State lawmakers to Mayor Williams: stop ignoring crime plan
Democratic legislators from around Wilmington are urging top city officials to fully embrace a proposed policing blueprint to help stem the high tide of violence seen in recent years.
The delegation wrote to Mayor Dennis Williams (D) Tuesday, saying he needs to better deploy police officers in targeted areas of the city in a sustainable way, upgrade technology and hold the department accountable for any lack of progress.
State officials funded a group of outside law enforcement consultants to draw up the plan alongside city activists and officials.
The letter warns if the recommendations were ignored, it “would further imperil the safety of Delawareans, both in Wilmington and outside the city limits.”
But several of those recommendations were ignored.
“Those recommendations have sat on a shelf for the last eight months, while city officials have called for more funding from the state,” the letter states.
Rep. James Johnson (D-New Castle), who helped write the letter, says it’s the city trying to assert their autonomy.
“I guess they feel that anytime the state puts demands on the city, it’s infringing on their authority," said Johnson. "But the bottom line is it’s all our responsibility.”
Johnson also sits on the Joint Finance Committee, which set aside $1.5 million to boost policing efforts in the city, but it comes with some strings attached. That caught the ire of the GOP who questioned its constitutionality.
Johnson says the recent JFC decision, coupled with a projected tight budget year makes it hard to foresee having any more cash to send to Delaware’s largest city.
“To say that we’re going to provide more funding for the city, you know, it would be a stretch because we’ve already taken a beating for what we’ve done so far.”
Wilmington City Council president Theo Gregory, who’s challenging Williams in the mayoral Democratic primary, issued a statement supporting the letter Wednesday.
Williams responded with his own letter Wednesday saying his administration has implemented 90 percent of the consultants’ plan, expanded the city’s homicide unit and added new technology. He argued those moves and others are producing results.
“Increasing the size of the Homicide Unit and creating a Homicide/Violent Crime Unit has allowed for a comprehensive approach to investigating violent crime. In addition, the renewed emphasis on community policing has led to an increase in crime clearance rates and strengthened relationships between the police and the community," Williams letter read.
"Specifically, the department has produced a 50 percent clearance rate for homicide cases in 2015, compared to the department’s previous 12 to 16 percent clearance rates."

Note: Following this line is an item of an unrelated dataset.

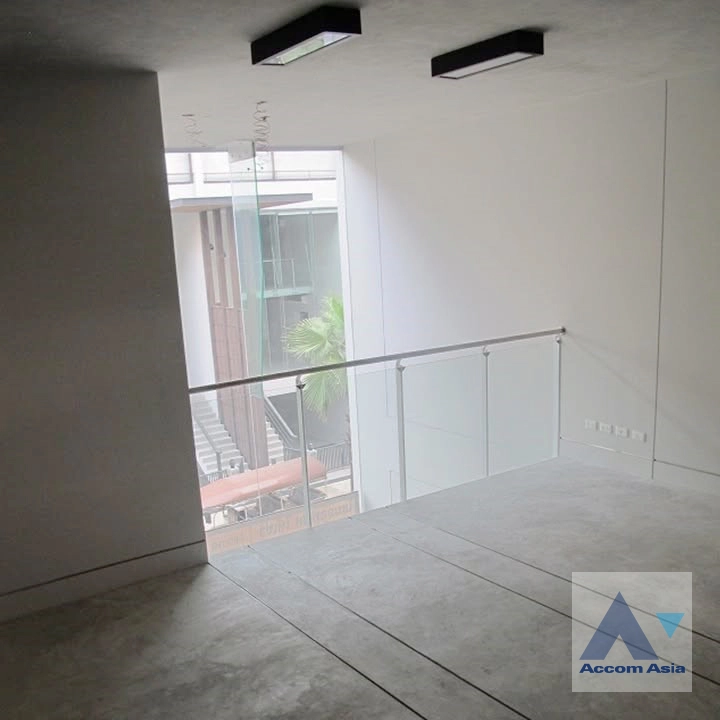 4  2 br Townhouse for rent and sale in Sukhumvit ,Bangkok BTS Punnawithi at Modern Home  AA44910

Williams also asked lawmakers to work with the city in a more cooperative manner and suggested that Wilmington was being held to a different standard.
"The City of Dover has tripled their number of homicides from last year, which is the highest number the city has recorded since at least 1988. Yet the funding provided by the Joint Finance Committee to address Dover’s public safety issues contained no strings or stipulations," Williams wrote. "As fellow leaders representing the City, we should all work to ensure Wilmington receives the same commitment and cooperation as every other city or town throughout the State of Delaware."